Exercise goal: All that is needed is the run of lines from the top of the entries to the line with "Fire pit area", that line included, repeated exactly and free of pictures.

Data shown:
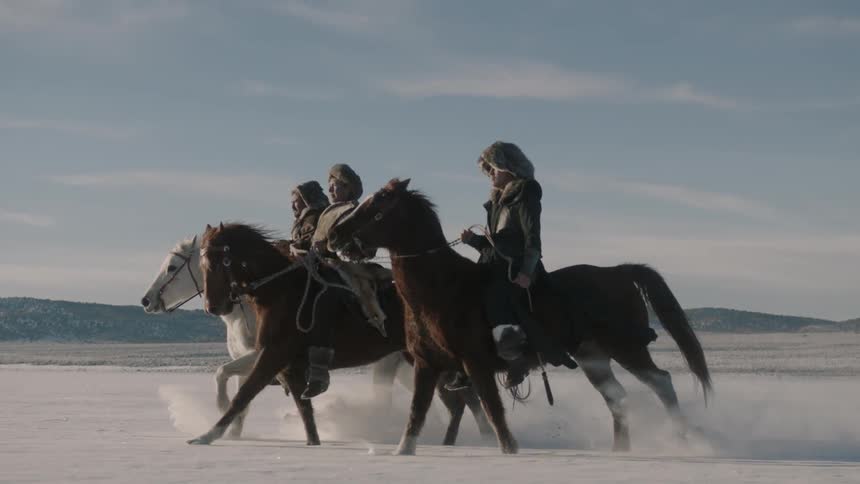 Three people ride horses across a snow covered field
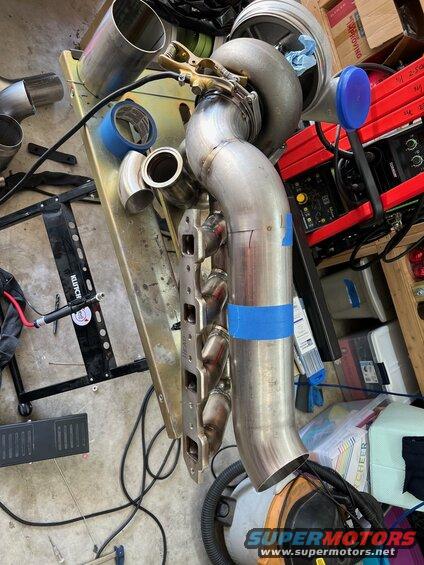 6-tacked-up-again.jpg Inserted one 10-degree pie cut and tacked everything up again. This time the end of the pipe ended up a little close to the steering shaft. Another adjustment was required but it was just about a 4-degree slice right under the #1 header tube. This made it clear the corner of the head, the steering shaft, the header tubes, the sparkplug wire boots, and everything else in there. It's not a tight fit though either, just a lot of things to keep in mind.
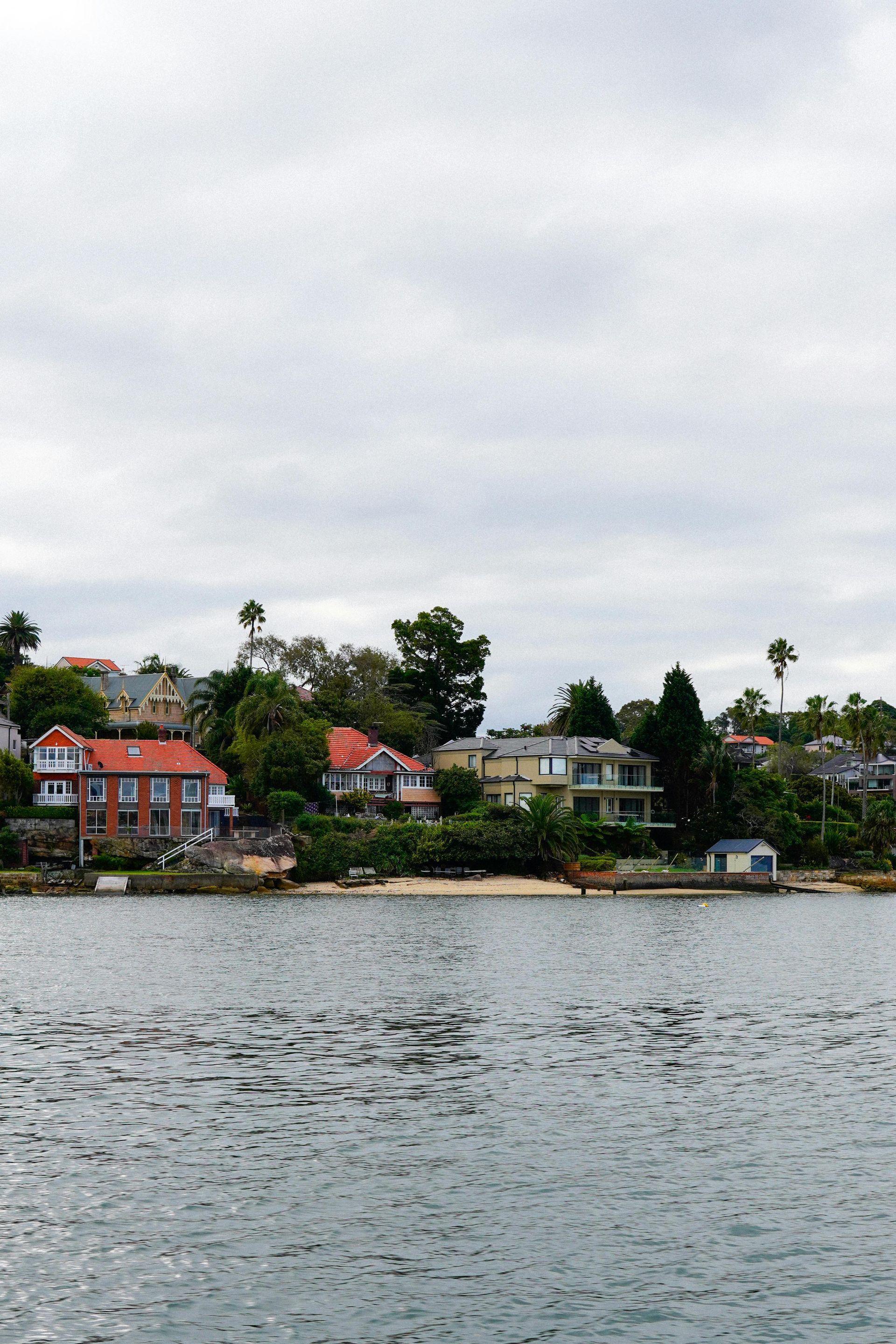 Waterfront homes with red roofs along a shoreline under an overcast sky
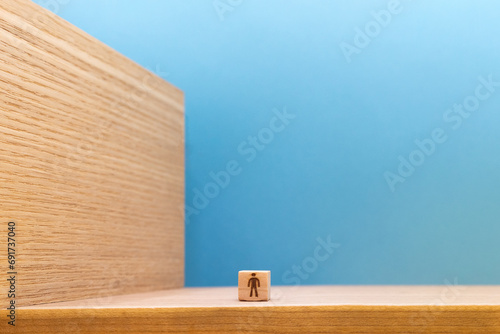 そびえ立つ木のカベの前にいる人のウッドキューブの青い背景 photo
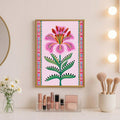 Pink floral folk-art print above a vanity with cosmetics, brushes, and daisies
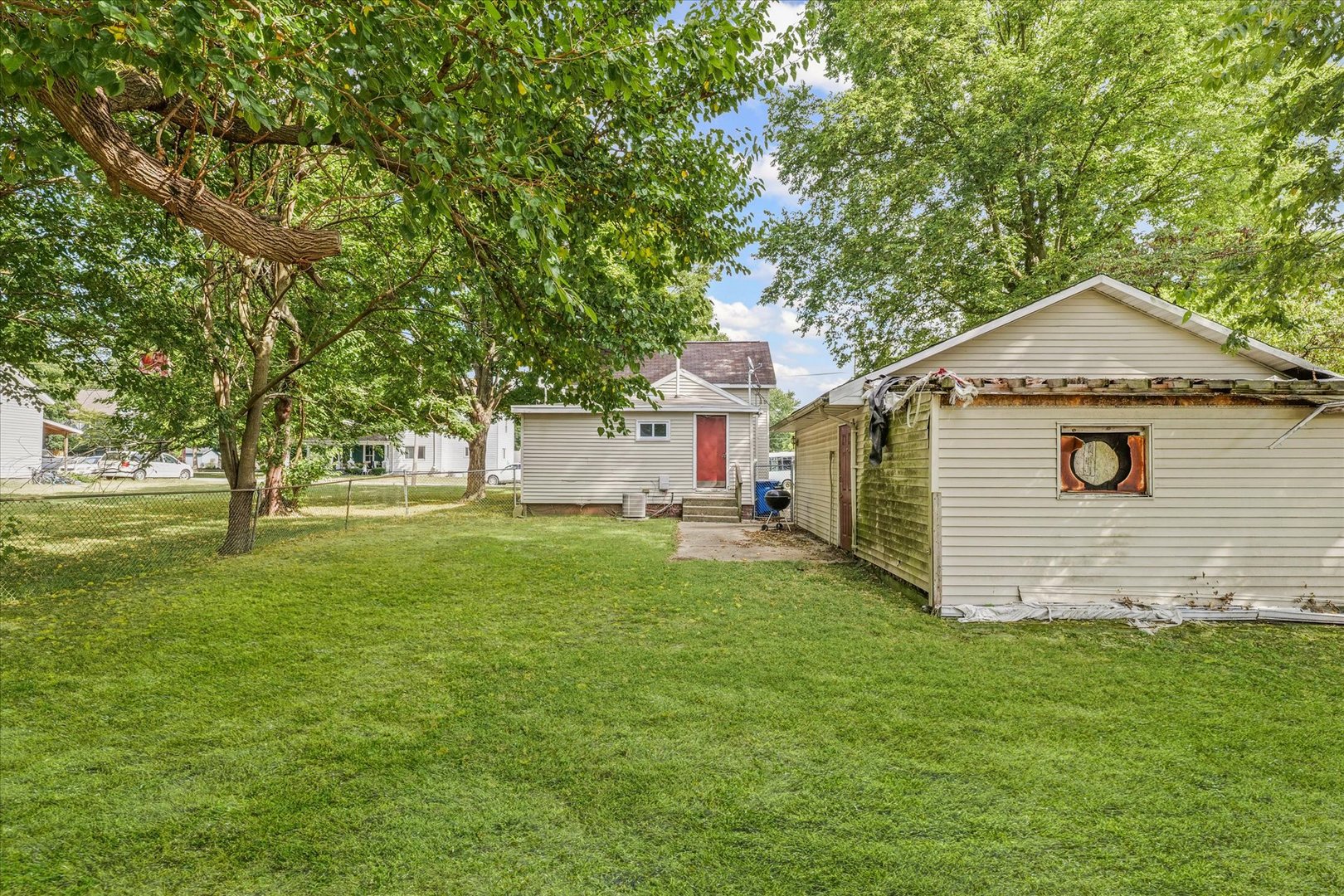 204 Waverly Street Homer, IL 61849 - Photo 29 of 30 a front view of a house with a yard and tree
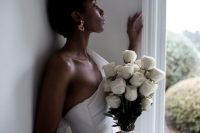 a chic and elegant white rose long stem wedding bouquet will never go out of style and will make your look very refined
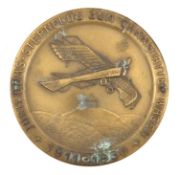 A Third Reich DLV oxidised brass medallion, 60mm diam, the obverse bearing a depiction of a Pflaz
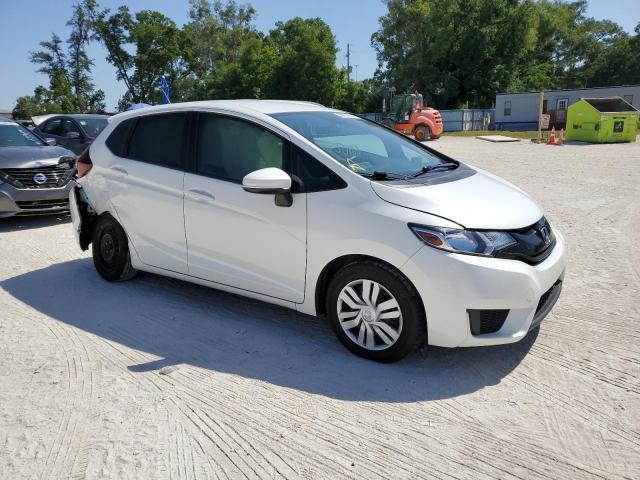 JHMGK5H59HS010854 - 2017 HONDA FIT LX WHITE photo 4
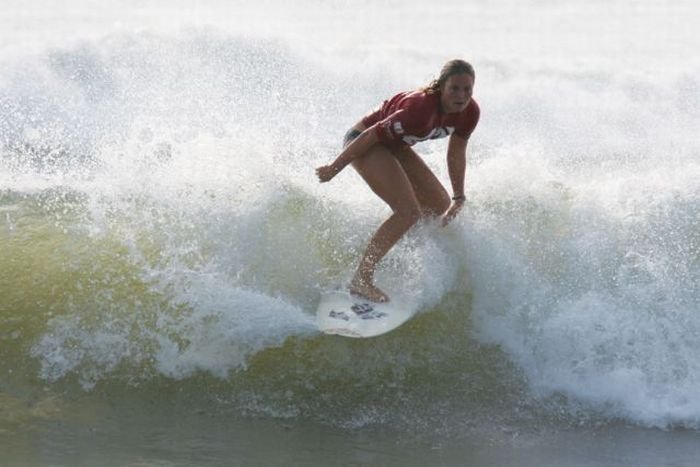 young surfing girl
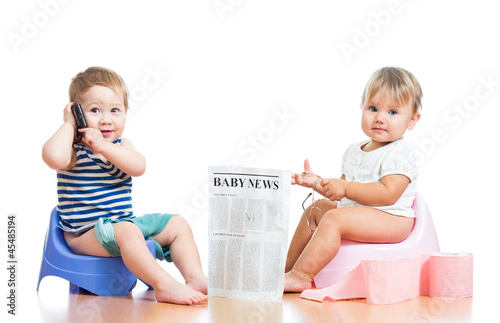 funny children with newspaper and pda on chamberpot photo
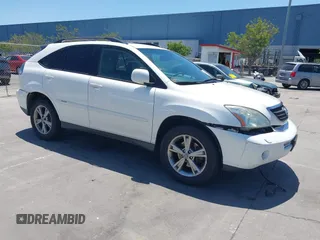 2007 Lexus RX 400h z VIN JTJGW31U572001690, wystawiony jako IAAI lot #42327657 z przebiegiem 245 809 mil mil oraz . Historia ofert i sprzedaży dostępna na DreamBid. Obrazek 1.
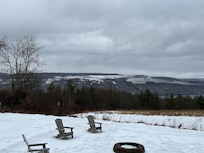 Fire pit area right off their huge porch with a hammock!
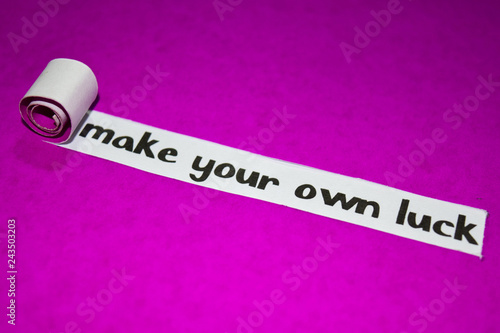Make your own luck text, Inspiration, Motivation and business concept on purple torn paper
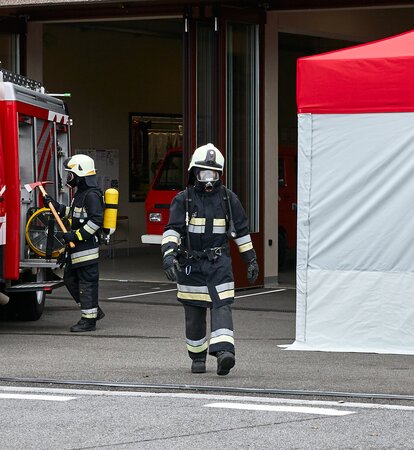 Feuerwehrmann mit Atemschutzgerät geht zwischen Auto und dem Kit Rescue vorbei.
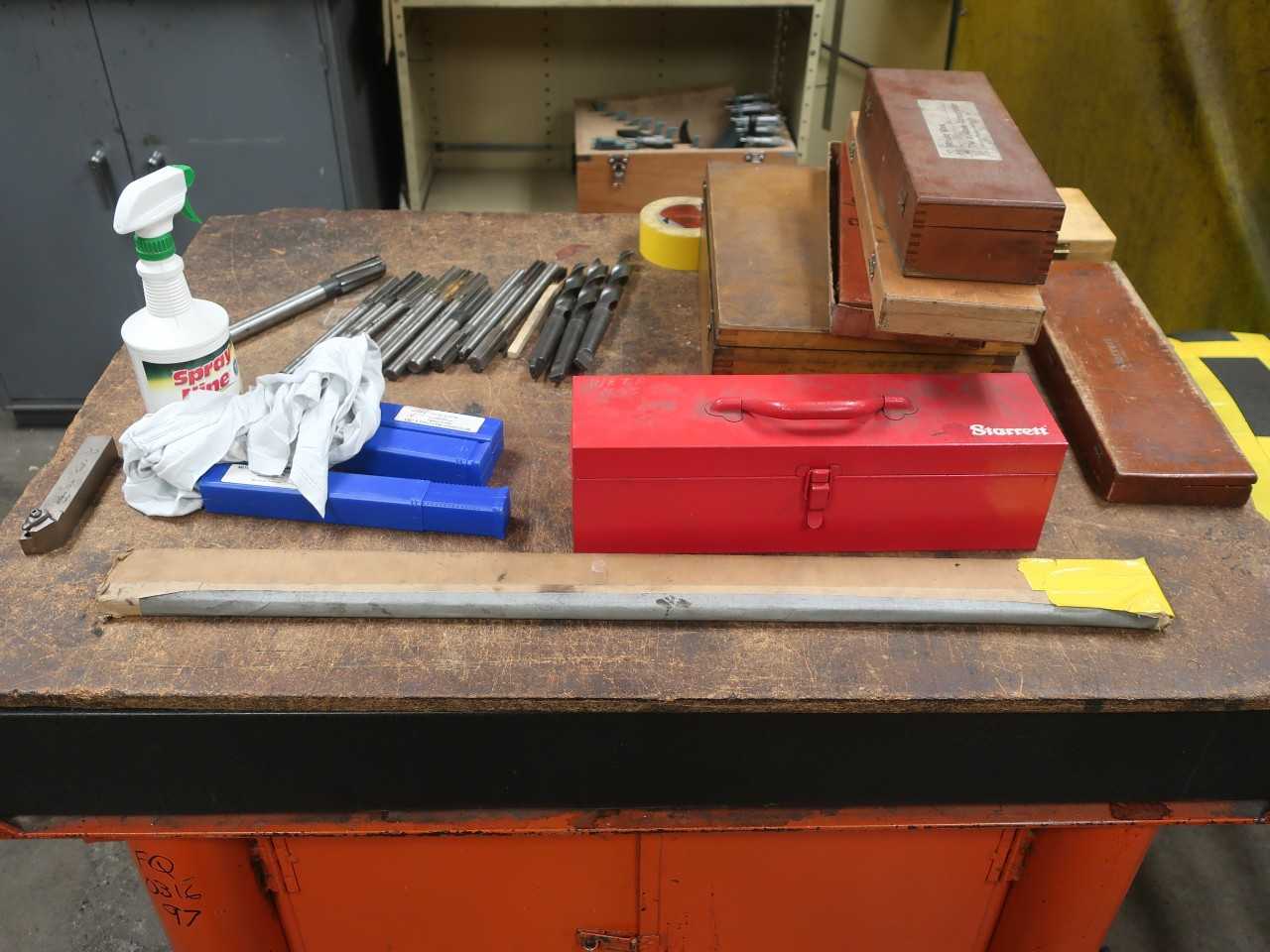 Steel work table with 36"x48" granite surface, micrometers, calipers, machining/milling bits - ELECTRIC POWER TOOLS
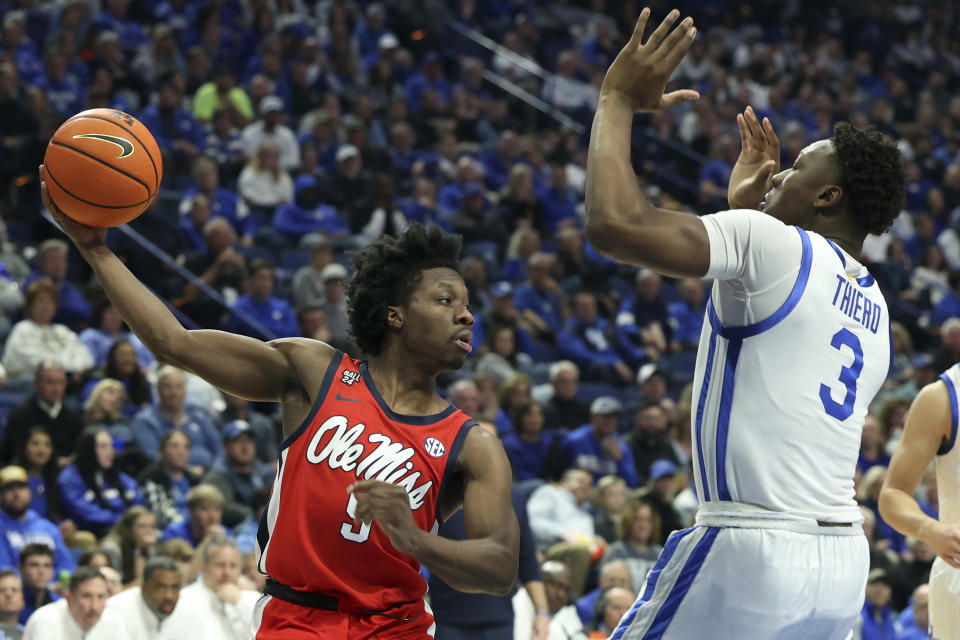 Mississippi's Jaylen Murray, left, passes the ball around Kentucky's Adou Thiero (3) during the first half of an NCAA college basketball game Tuesday, Feb. 13, 2024, in Lexington, Ky. Kentucky won 75-63. (AP Photo/James Crisp)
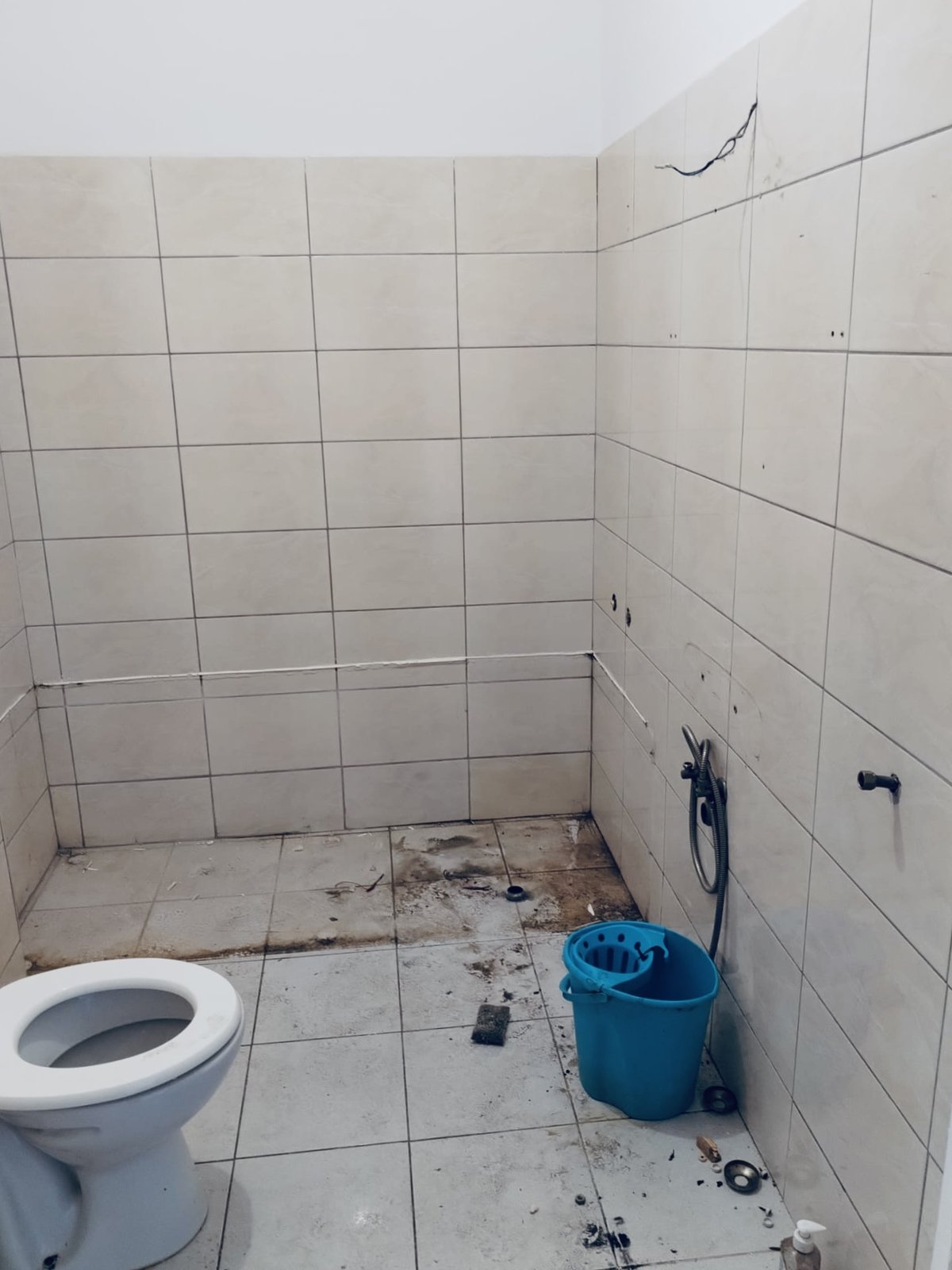 The bathroom before, tired tile and dated fittings, Studio Sakaia, Dubai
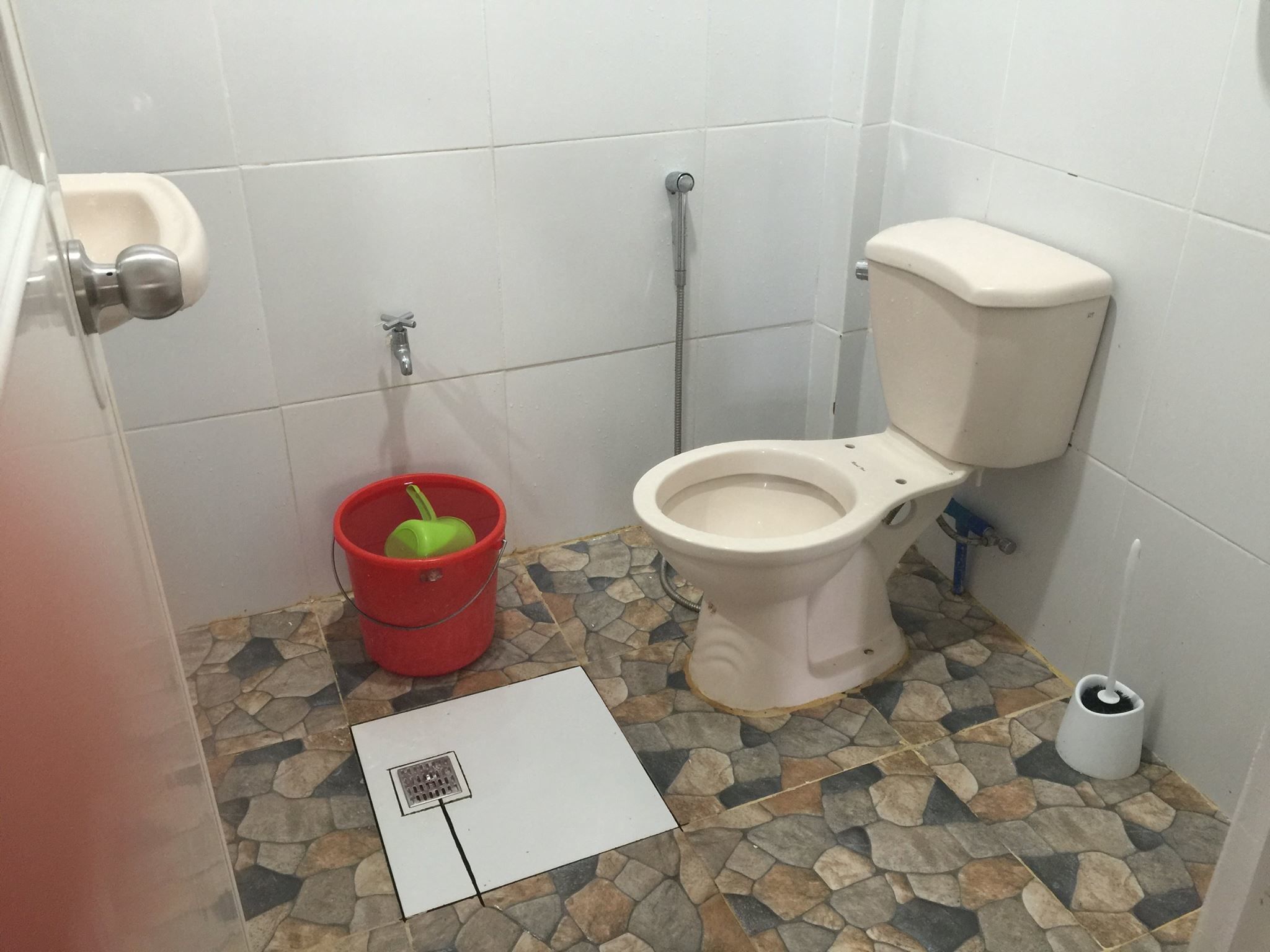 A bathroom with a toilet, a red bucket, and a white floor drain.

Answer to this exercise:
 Three people ride horses across a snow covered field
 6-tacked-up-again.jpg Inserted one 10-degree pie cut and tacked everything up again. This time the end of the pipe ended up a little close to the steering shaft. Another adjustment was required but it was just about a 4-degree slice right under the #1 header tube. This made it clear the corner of the head, the steering shaft, the header tubes, the sparkplug wire boots, and everything else in there. It's not a tight fit though either, just a lot of things to keep in mind.
 Waterfront homes with red roofs along a shoreline under an overcast sky
 そびえ立つ木のカベの前にいる人のウッドキューブの青い背景 photo
 Pink floral folk-art print above a vanity with cosmetics, brushes, and daisies
 204 Waverly Street Homer, IL 61849 - Photo 29 of 30 a front view of a house with a yard and tree
 a chic and elegant white rose long stem wedding bouquet will never go out of style and will make your look very refined
 A Third Reich DLV oxidised brass medallion, 60mm diam, the obverse bearing a depiction of a Pflaz
 JHMGK5H59HS010854 - 2017 HONDA FIT LX WHITE photo 4
 young surfing girl
 funny children with newspaper and pda on chamberpot photo
 2007 Lexus RX 400h z VIN JTJGW31U572001690, wystawiony jako IAAI lot #42327657 z przebiegiem 245 809 mil mil oraz . Historia ofert i sprzedaży dostępna na DreamBid. Obrazek 1.
 Fire pit area right off their huge porch with a hammock!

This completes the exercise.